◆ **EXERCISE PROMPT**: Take the entries below and reproduce exactly the portion that begins at the line containing "Image result for Trifolium spumosum" and ends at the line containing "Under Trump, Becoming", keeping both ends, dropping pictures, and adding nothing else.
### EXTRACTED MATERIAL
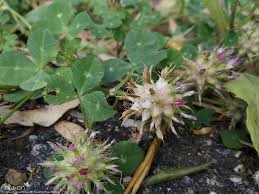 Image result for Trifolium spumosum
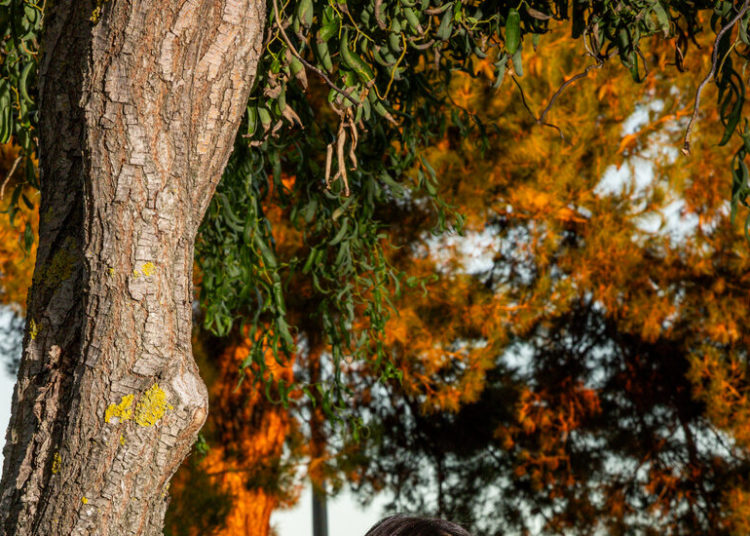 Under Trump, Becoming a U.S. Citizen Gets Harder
######
### EXTRACTED MATERIAL
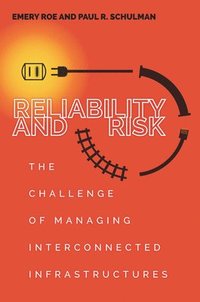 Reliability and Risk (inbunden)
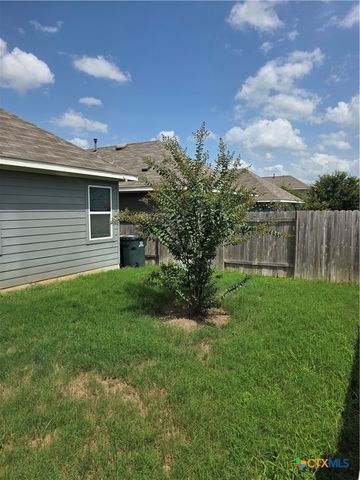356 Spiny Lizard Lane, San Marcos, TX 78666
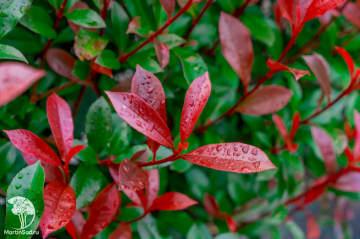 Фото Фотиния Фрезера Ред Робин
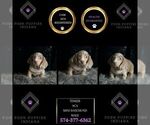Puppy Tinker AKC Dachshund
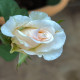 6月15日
######
◆ **TASK ANSWER**:
 Image result for Trifolium spumosum
 Under Trump, Becoming a U.S. Citizen Gets Harder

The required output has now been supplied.